3-run top of the sixth lifts champs past Streator Collision

Streator Collision shortstop Noah Rodriguez dives to touch the second-base bag with his glove to force out Hatzer & Son baserunner Patrick Luckey in the second inning Wednesday, June 26, 2024, during the Streator Major Division city championship game.

STREATOR – After finishing the regular season as the No. 2 seed and surviving a play-in game, Hatzer & Son found itself down two runs and on the verge of being shut out in the final inning of Wednesday’s Streator Little League city championship for the Major (11-12) Division title.

Nothing to worry about.

Hatzer & Son rallied for three runs in the top of the sixth inning, then saw pitcher Zae Moton, in relief of starter Braydon Vickers, strand the potential winning run on first base for a 3-2, city-title victory over top-seeded Streator Collision.

“We just had to stay in it,” said Vickers, who scored the winning run and was the winning pitcher. “When you’re quiet and you keep your head down, you don’t do good. So I was trying to keep the positive energy so we could eventually lift the team up.”

The freshly crowned Streator Little League Major (11-12) Division city champions, Hatzer & Son, pose at home plate with their trophies Wednesday, June 26, 2024, at Southside Park.

Though the team hadn’t scored through the first five innings against Streator Collision starter Ben Mascote (5 IP, 0 R, 2 H, 2 BB, 11 K), Hatzer & Son’s sixth-inning rally didn’t exactly come out of nowhere. Like its higher-seeded opponent, Hatzer & Son threatened routinely all ballgame, including leaving the bases loaded in the fifth when Mascote worked out of it with a strikeout looking.

Although that fifth inning didn’t result in any runs and left the eventual city champions still trailing 2-0, it did flip the batting order. That proved to be very important.

With both starters’ pitch limits reached, Hatzer & Son leadoff man Zerek Sibert greeted Streator Collision reliever Noah Rodriguez with a line-drive single.
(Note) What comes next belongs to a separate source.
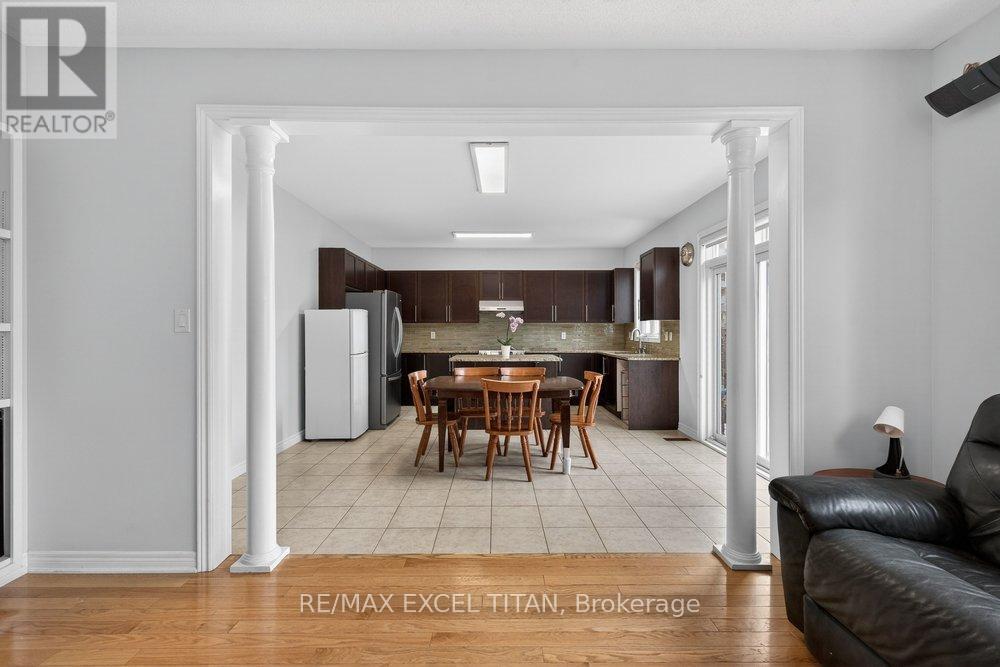 17 Tysonville Circle, Brampton, Ontario  L7A 4A6 - Photo 8 - W12943870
A walk issued to Isaiah Dalton, an error on a Vickers ground ball and heads-up baserunning by Dalton to advance to the unoccupied third-base bag and Vickers to follow him to second amongst the chaos made it a one-run game and put the go-ahead run in scoring position.
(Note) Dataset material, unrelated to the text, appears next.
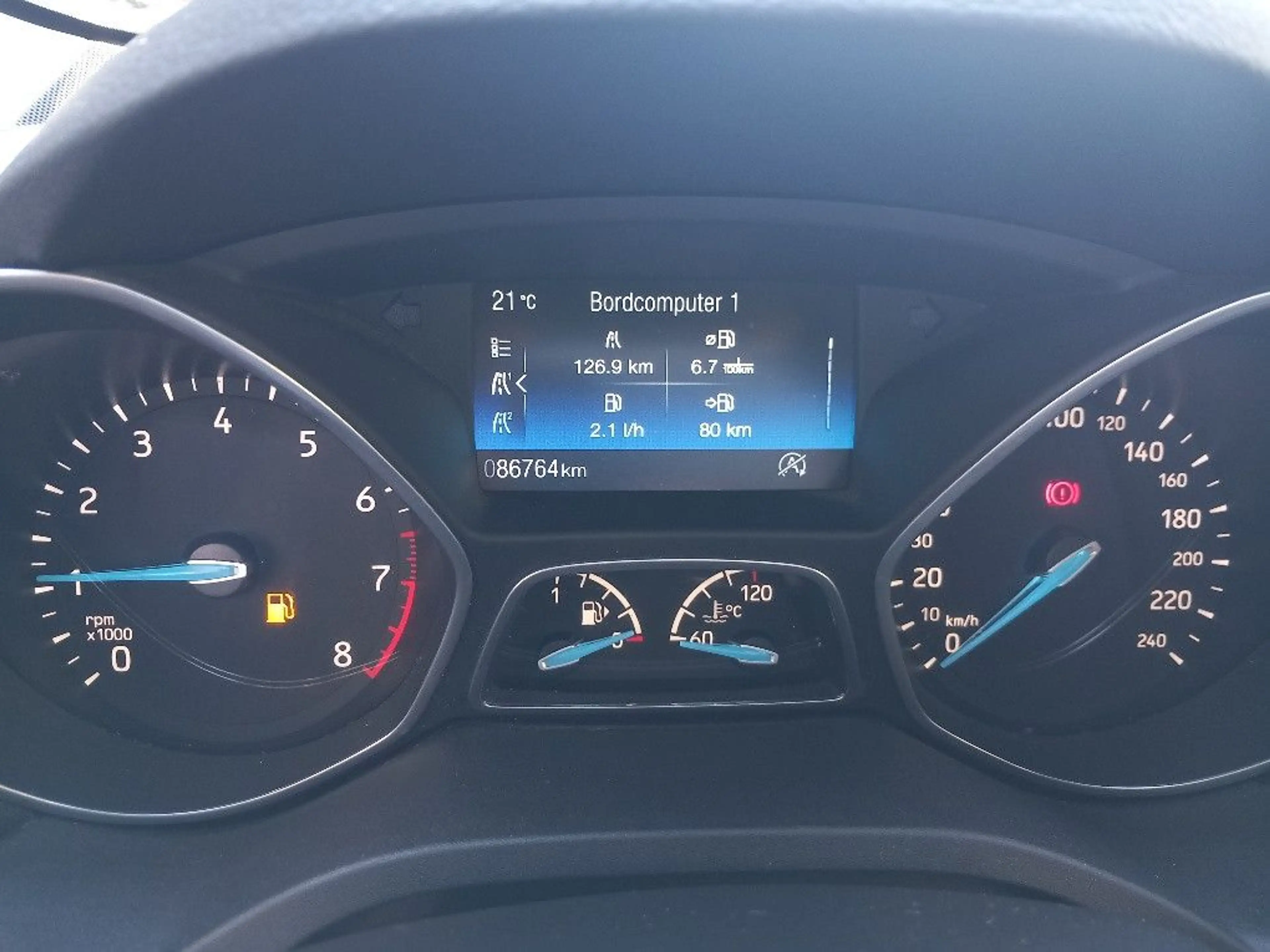 Ford C-Max 1.0 EcoBoost Titanium — photo 3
Dalton scored the tying run on a dropped-third strike, and Vickers came home to make it 3-2 on an RBI fielder’s choice groundout off the bat of Noah Kolojay.

“I’ve been telling them all season: When you have errors or the game’s tough, just continue playing 10 times harder,” Hatzer & Son coach Mike Dalton said. “We’re all here to have fun, it’s a sport that they all love, so just continue playing it.”
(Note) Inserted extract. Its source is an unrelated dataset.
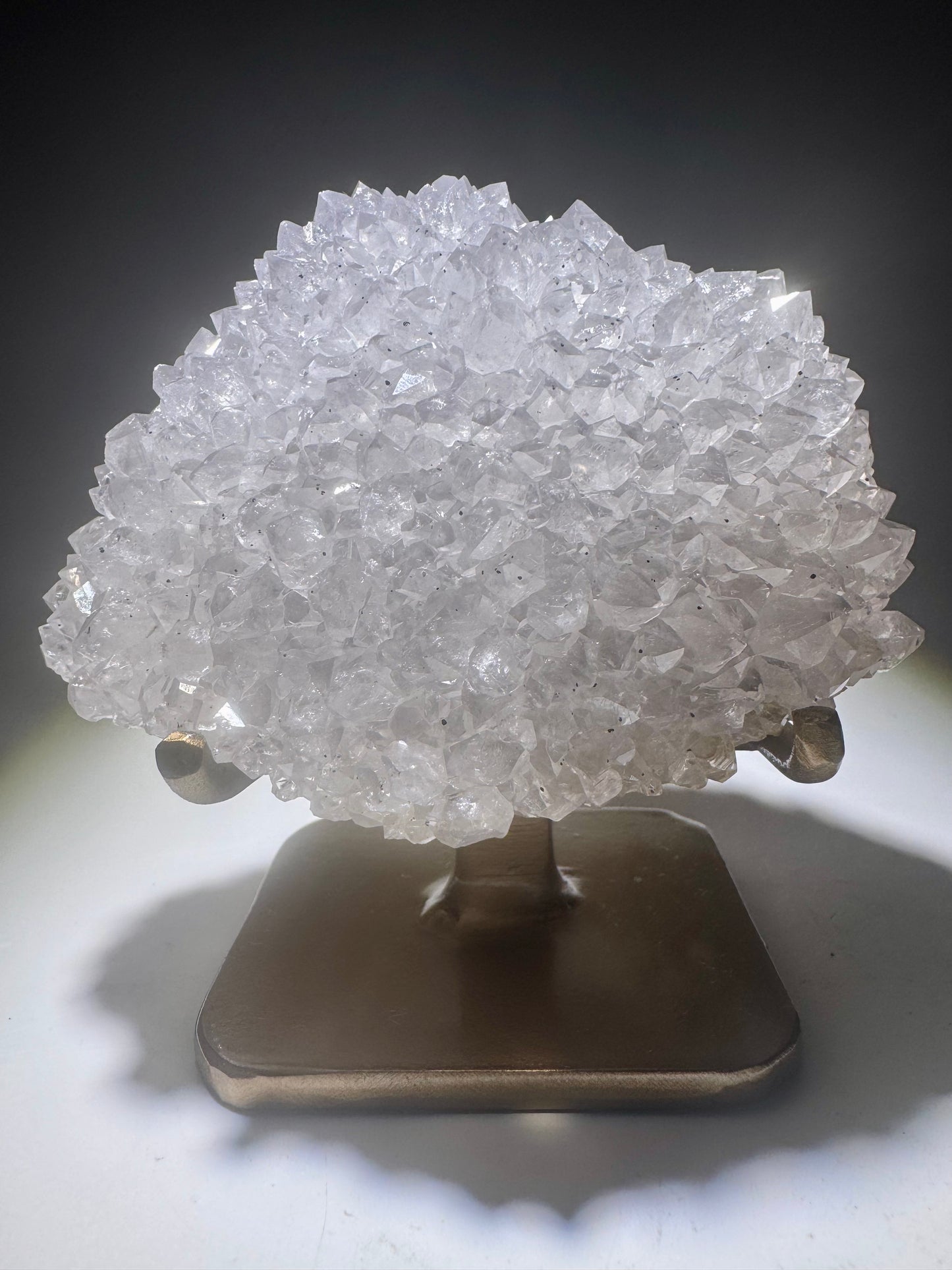 Funkelnde Quarzkristallblüte, naturbelassen und elegant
Rodriguez (1 IP, 1 ER, 1 H, 2 BB, 2 K) avoided any further damage, but the one-run cushion proved to be enough for Moton (1 IP, 0 R, 1 H, 1 BB, 3 K). The right-hander with a start-and-stop, submarine delivery earned the save for Vickers (5 IP, 1 ER, 5 H, 2 BB, 12 K) by striking out the side in the sixth despite taking a hard line-drive shot off the torso on a two-out Rodriguez single.

“At first I didn’t feel that,” Moton said of the line-drive that drew gasps from the crowd and both dugouts. “Then it started hurting, but now it doesn’t hurt any more.”

Hatzer & Son starting pitcher Braydon Vickers delivers home Wednesday, June 26, 2024, at Southside Park in Streator during the Streator Little League Major Division city championship.

Sibert delivered two hits and Kolojay one for the Hatzer & Son offense, with standout defensive plays recorded by Dalton at second base, Patrick Luckey at shortstop and Sibert behind the plate.

Brady Daugherity used his leadoff man speed to go 3-for-3 with three legitimate infield hits for Streator Collision, with Rodriguez delivering two hits – including a fourth-inning double to center that plated both of his team’s runs. Marshall Volkman also had a hit and standout play at third base for the city’s regular-season champions and tournament runners-up.

“You’ve got to give it to them,” Streator Collision coach Nick Daugherity said of Hatzer & Son. “Braydon Vickers pitched a heck of a game, really took care of the meat of our lineup, then a couple errors here and there that gave them their opportunities, and they took advantage of it. But that’s baseball. ...

“We have nothing to hang our heads about. It was a great season, and every single one of them improved. I’m happy with how it went.”

Streator Collision’s starting pitcher Ben Mascote lets go with a pitch against Hatzer & Son Wednesday during the championship game.